童話「五色の鬼」
@SyakujiiOusin
第1話
童話「五色のオニ」
百神井 応身
オニというと、こわい顔をして頭に角をはやし、かなぼうを持った姿を想像します。でも、本当はどんな姿をしているのか誰もしりません。
オニは、北東の方角から、人にしのびよってくるのだと信じられていました。これを「ウシトラ」の方角といいます。
方角は、干支(えと)といって、生まれ年による動物で表します。
皆さんが知っているように、ねずみ・うし・とら・うさぎ・たつ・へび・うま・ひつじ・さる・とり・いぬ・いのしし、で表すと、
「ウシとトラ」の間になりますから、ウシの角をはやし、トラの皮のパンツをはいた姿で目に見える形にしました。
でも、オニがおそろしいのは、力があって乱暴だからということではないようです。
むかし、サトリを開いて立派な人になろうと努力している人たちにとって、ジャマをするものがありました。
心にうかんできてしまう悪い考えが、良いことにフタをしてしまうのです。そのフタをしてしまうものをオニとよびました。

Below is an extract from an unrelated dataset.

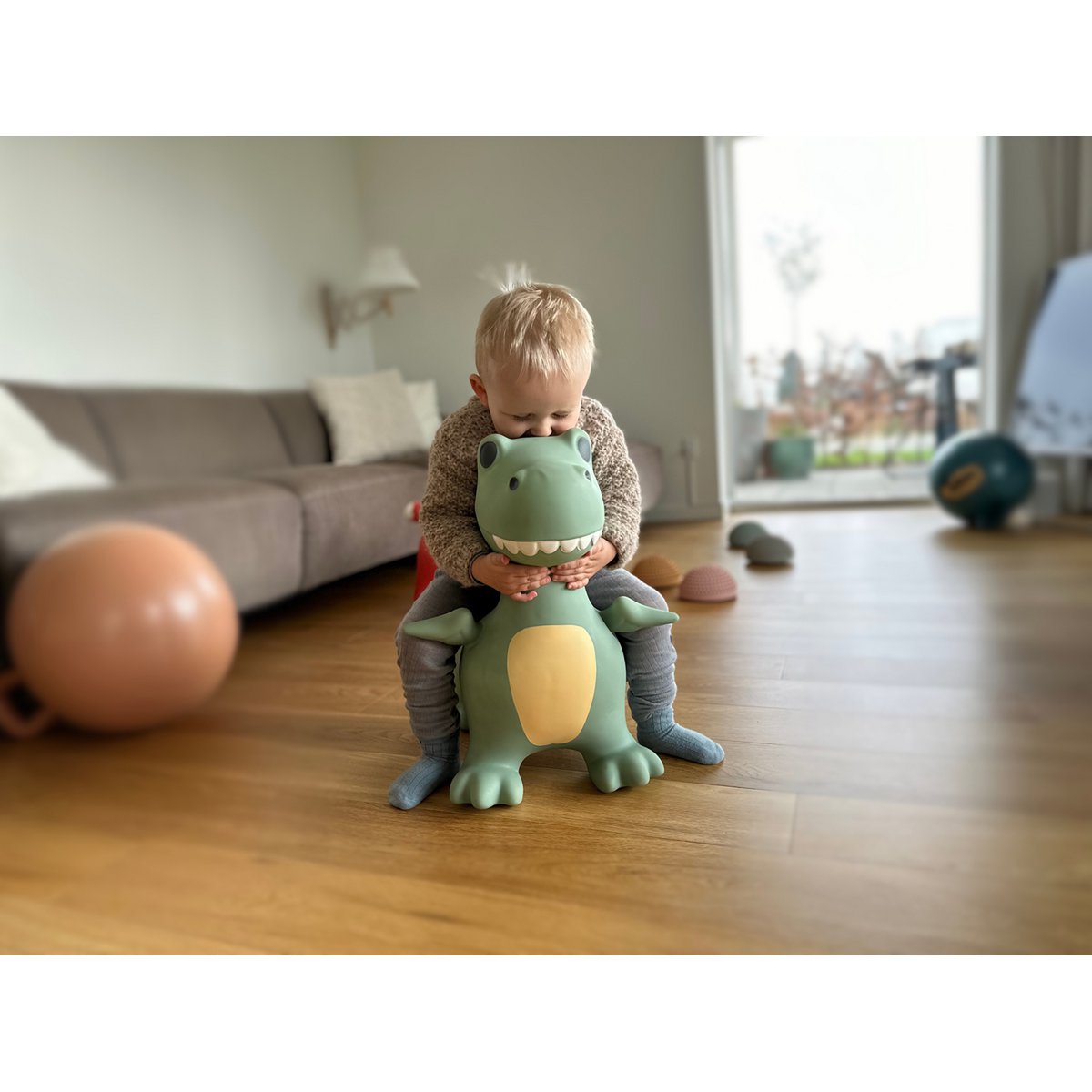 Springdier – Dino Dexter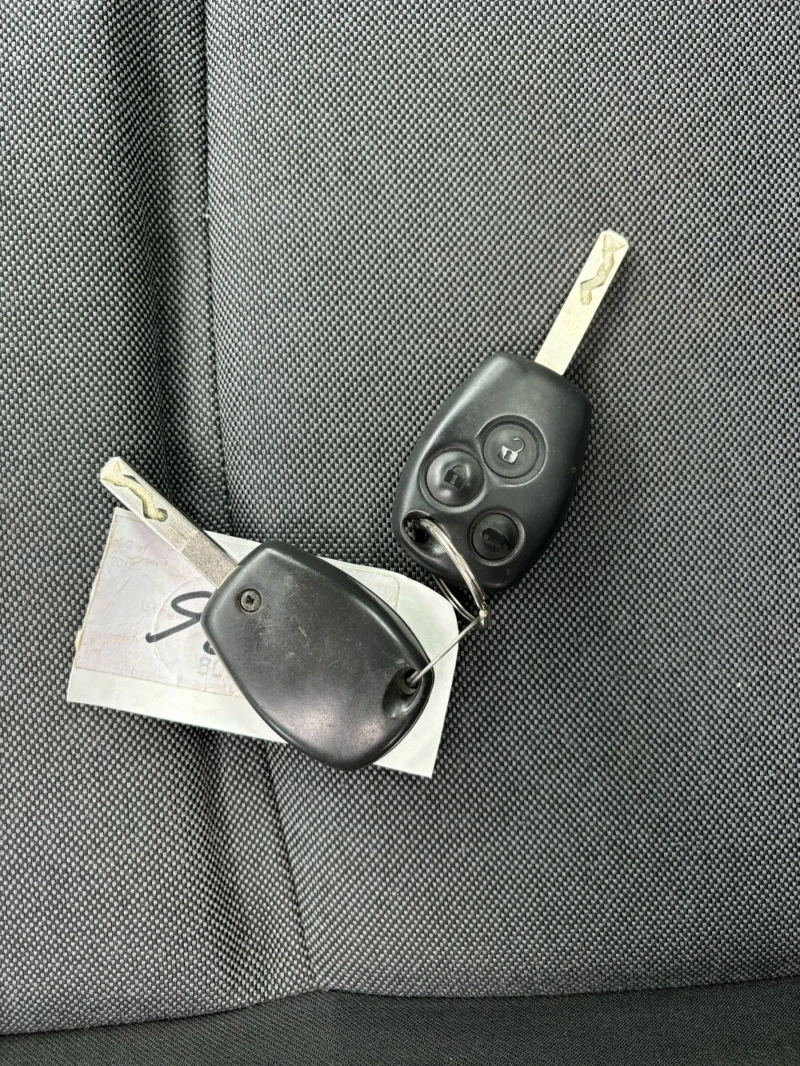 Renault Master 2.3tdci 6аsi evro6, снимка 14 - Бусове и автобуси - 50040765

アカオニとアオオニはよく知られていますが、それだけではなくて、五色のオニがいるのだと思われていたのです。
赤鬼は、何でも欲しがる欲深い心。
青鬼は、怒りの心。まずしい心。
黄鬼は、自分中心のわがままな心。
緑鬼は、けんこうを考えないで、だらしないことをする心。
黒鬼は、不平不満ばかりをいう愚痴。卑しい気持ち。
そういう悪い心に豆をぶつけて追い払い、平穏を願うのが、節分の行事になりました。
でも、本当のオニは、自分の心の中に住んでいるので、自分で追い払うほかありません。
放っておくと、オニはどんどん大きくそだってしまうので、こわいのです。